_What you are asked to do_: A faithful copy of the listing below is needed, with its pictures left out.

+++ Supplied data +++

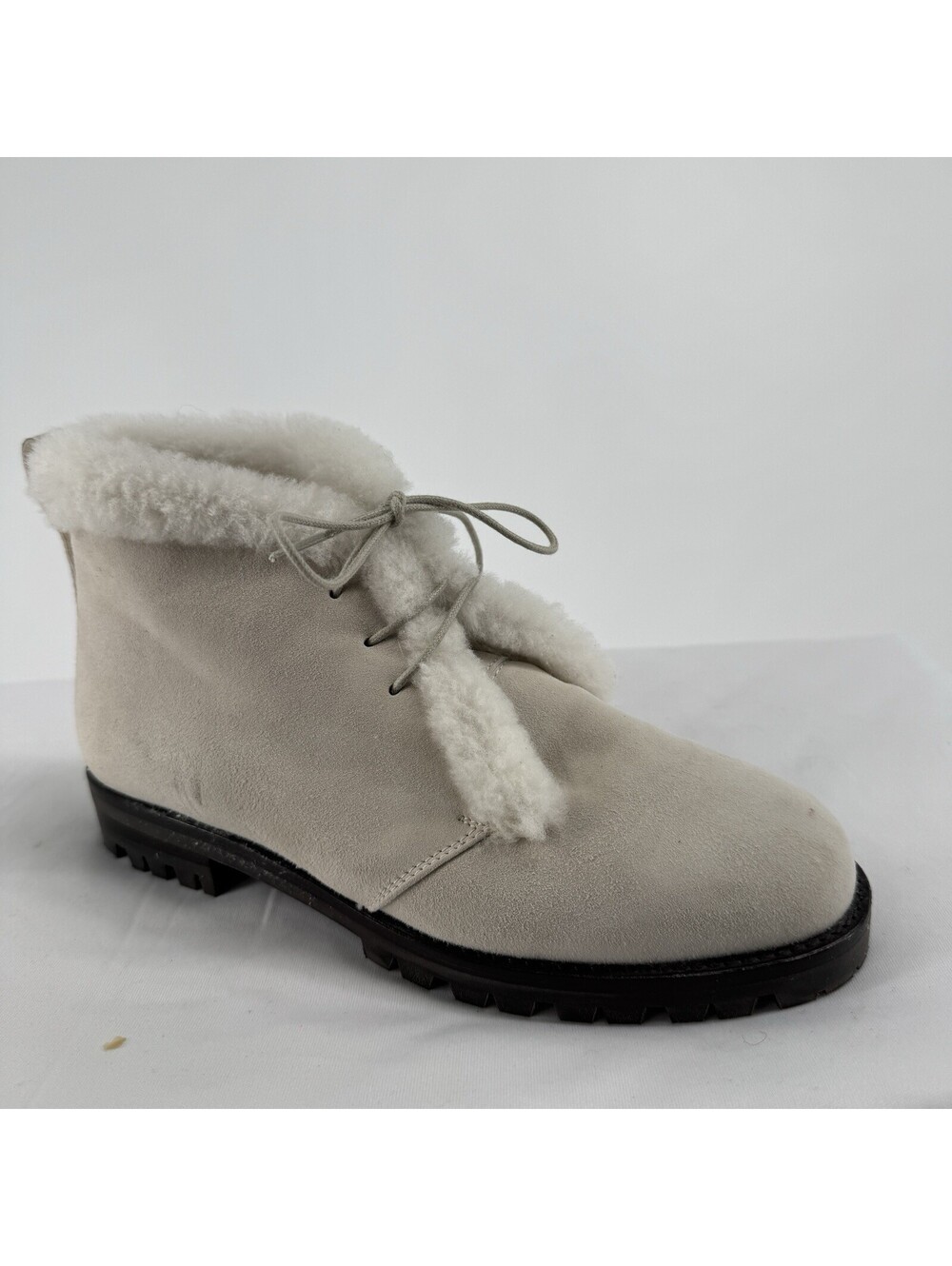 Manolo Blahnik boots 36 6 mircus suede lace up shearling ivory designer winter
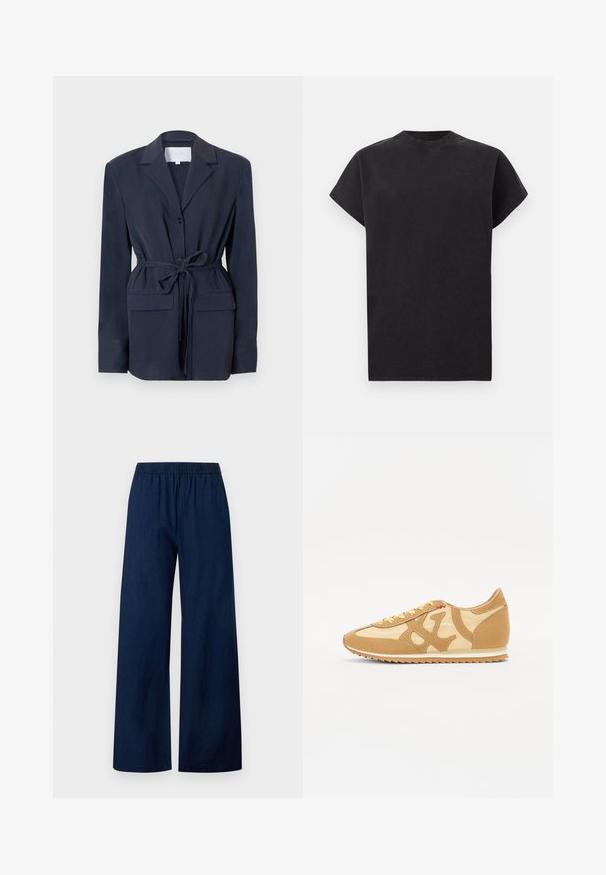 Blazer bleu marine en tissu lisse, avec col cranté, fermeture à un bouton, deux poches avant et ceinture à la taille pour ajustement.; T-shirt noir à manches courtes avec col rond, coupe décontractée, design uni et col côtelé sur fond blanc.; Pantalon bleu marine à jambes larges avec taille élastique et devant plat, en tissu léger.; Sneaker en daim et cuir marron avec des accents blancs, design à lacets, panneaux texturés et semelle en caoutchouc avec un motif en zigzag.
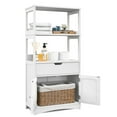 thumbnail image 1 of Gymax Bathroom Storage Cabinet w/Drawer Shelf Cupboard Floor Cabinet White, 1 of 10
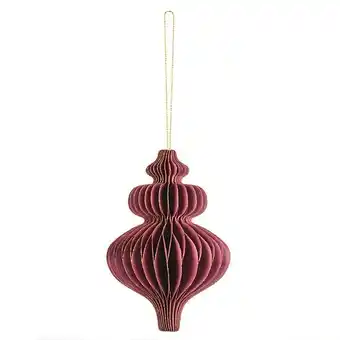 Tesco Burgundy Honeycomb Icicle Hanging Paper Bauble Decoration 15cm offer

+++

_Final answer_:
 Manolo Blahnik boots 36 6 mircus suede lace up shearling ivory designer winter
 Blazer bleu marine en tissu lisse, avec col cranté, fermeture à un bouton, deux poches avant et ceinture à la taille pour ajustement.; T-shirt noir à manches courtes avec col rond, coupe décontractée, design uni et col côtelé sur fond blanc.; Pantalon bleu marine à jambes larges avec taille élastique et devant plat, en tissu léger.; Sneaker en daim et cuir marron avec des accents blancs, design à lacets, panneaux texturés et semelle en caoutchouc avec un motif en zigzag.
 thumbnail image 1 of Gymax Bathroom Storage Cabinet w/Drawer Shelf Cupboard Floor Cabinet White, 1 of 10
 Tesco Burgundy Honeycomb Icicle Hanging Paper Bauble Decoration 15cm offer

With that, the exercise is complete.